Agencja Bezpieczeństwa Wewnętrznego i Służba Kontrwywiadu Wojskowego w latach 2016-23 zatrzymała 46 podejrzanych o współpracę z rosyjskim lub białoruskim wywiadem – wynika z informacji ministra koordynatora służb specjalnych Mariusza Kamińskiego.
Według ministra te statystyki pokazują, że obecny rząd traktuje podstawowe zadanie służb kontrwywiadowczych w sposób priorytetowy, a Rosję i Białoruś jako zagrożenie, które należy neutralizować.
“Służby specjalne Rosji, czy kontrolowanej przez Rosję Białorusi, nie są i nigdy nie powinny być partnerem dla polskich służb kontrwywiadowczych” – ocenił w materiale, który uzyskała PAP.
Zwalczanie przestępczości wywiadowczej prowadzonej przeciwko Polsce jest priorytetem – ocenił koordynator służb specjalnych.
“Polski kontrwywiad cywilny – Agencja Bezpieczeństwa Wewnętrznego (ABW) oraz wojskowy – Służba Kontrwywiadu Wojskowego (SKW) zwalczają skutecznie obce służby specjalne.
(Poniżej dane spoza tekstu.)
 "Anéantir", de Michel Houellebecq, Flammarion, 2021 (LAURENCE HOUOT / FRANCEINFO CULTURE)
Robią to w ramach prowadzonych śledztw, ale także wykorzystują narzędzia administracyjne, które pozwalają neutralizować zagrożenia” – wskazał.
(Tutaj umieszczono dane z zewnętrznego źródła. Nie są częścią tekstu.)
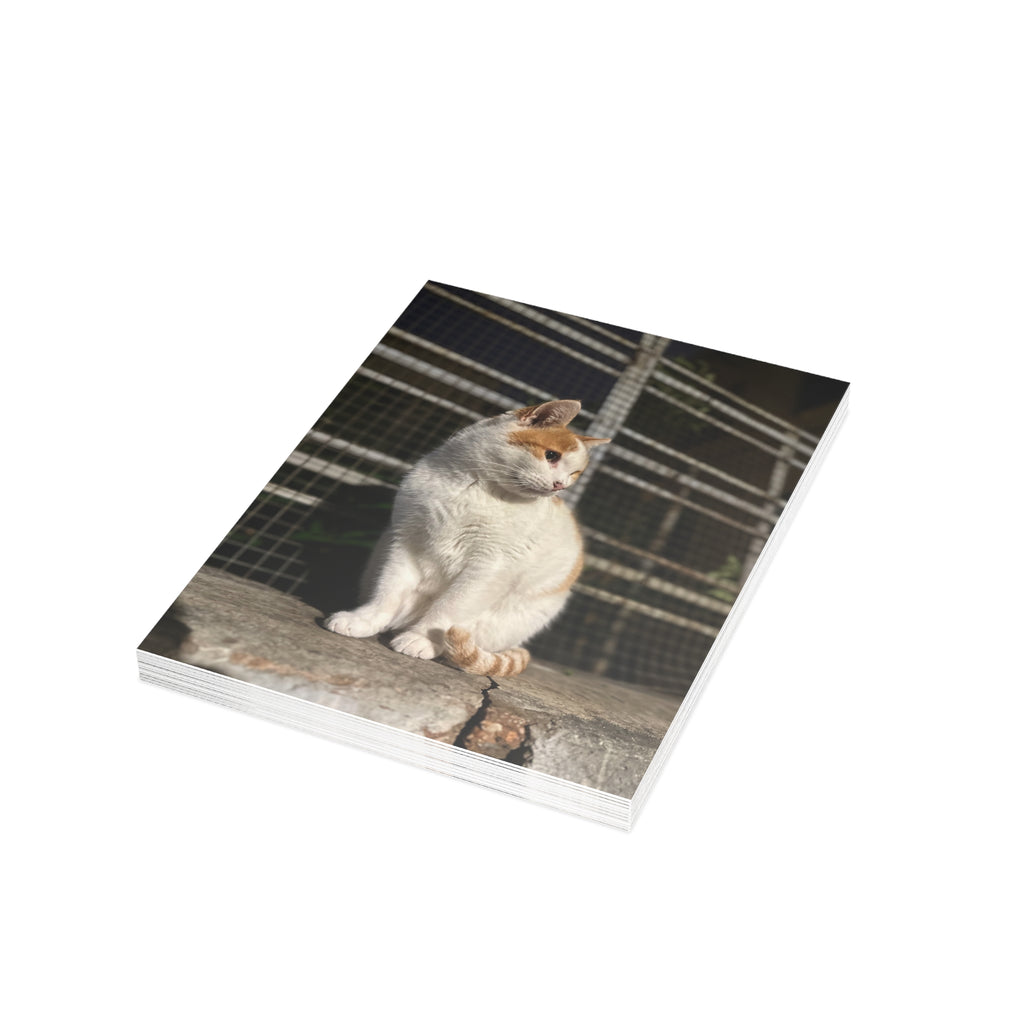 Einai Cat Enai Cat Postcard Bundles (envelopes included)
Minister podał, że w latach 2016-23 dzięki działaniom obu służb doprowadzono do aresztowania 46 osób podejrzanych o współpracę ze służbami rosyjskimi i białoruskimi przeciwko Polsce.
“Statystyki pokazują znaczący wzrost skuteczności działań polskich służb – w latach 2008-2015 polskie służby doprowadziły w sumie do postawienia zarzutów o szpiegostwo 11 podejrzanym” – zaznaczył.
Kamiński wskazał, że prowadzone w ostatnich latach śledztwa dotyczące szpiegostwa “pozwoliły na identyfikację osób współpracujących z obcymi wywiadami, neutralizację operacji wywiadowczych przeciwko RP, a także rozpoznanie aktualnego modus operandi służb specjalnych Rosji i Białorusi”.
Według niego polskie służby kontrwywiadowcze korzystając z działań administracyjnych również skutecznie neutralizują zagrożenia ze strony obcych wywiadów.
“W latach 2016-23 działania polskich służb doprowadziły do zidentyfikowania 55 oficerów rosyjskiego i białoruskiego wywiadu, którzy pracowali w Polsce ukrywając się za statusem dyplomatycznym” – podał Kamiński w informacji.
Zaznaczył, że wydaleni z Polski Rosjanie i Białorusini byli w istocie oficerami służb, którzy prowadzili przeciwko naszemu krajowi operacje wywiadowcze. Podał, ze w latach 2008-15 z tych mechanizmów służby korzystały znacznie rzadziej – Polska wydaliła w tych latach łącznie siedmiu “dyplomatów”.
“Ponadto w okresie 2016-23 dzięki działaniom ABW akredytacji nie otrzymało trzynastu dyplomatów, których obecność w Polsce stwarzała zagrożenie o charakterze wywiadowczym. W latach 2008-15 podobna sytuacja miała miejsce tylko w odniesieniu do jednego dyplomaty” – wskazał Kamiński.
Przypomniał, że Polska korzysta również z mechanizmów związanych z decyzjami o zakazie wjazdu do Polski i dzięki aktywności polskich służb kontrwywiadowczych na wniosek ABW w latach 2016-23 wpisem na tę listę objęto 816 osób, których obecność w Polsce skutkowałaby powstaniem zagrożeń wywiadowczych. “W większości mowa o osobach powiązanych wprost ze służbami specjalnymi Rosji i Białorusi” – dodał.
“Dzięki rozpoznaniu polskich służb kontrwywiadu decyzje takie dotyczą członków środowisk, które stanowią często zaplecze kadrowe dla wywiadu Rosji i Białorusi. W latach 2008-15 ABW i SKW złożyły podobne wnioski w sprawie zaledwie 25 osób” – stwierdził minister koordynator służb specjalnych w uzyskanym przez PAP materiale.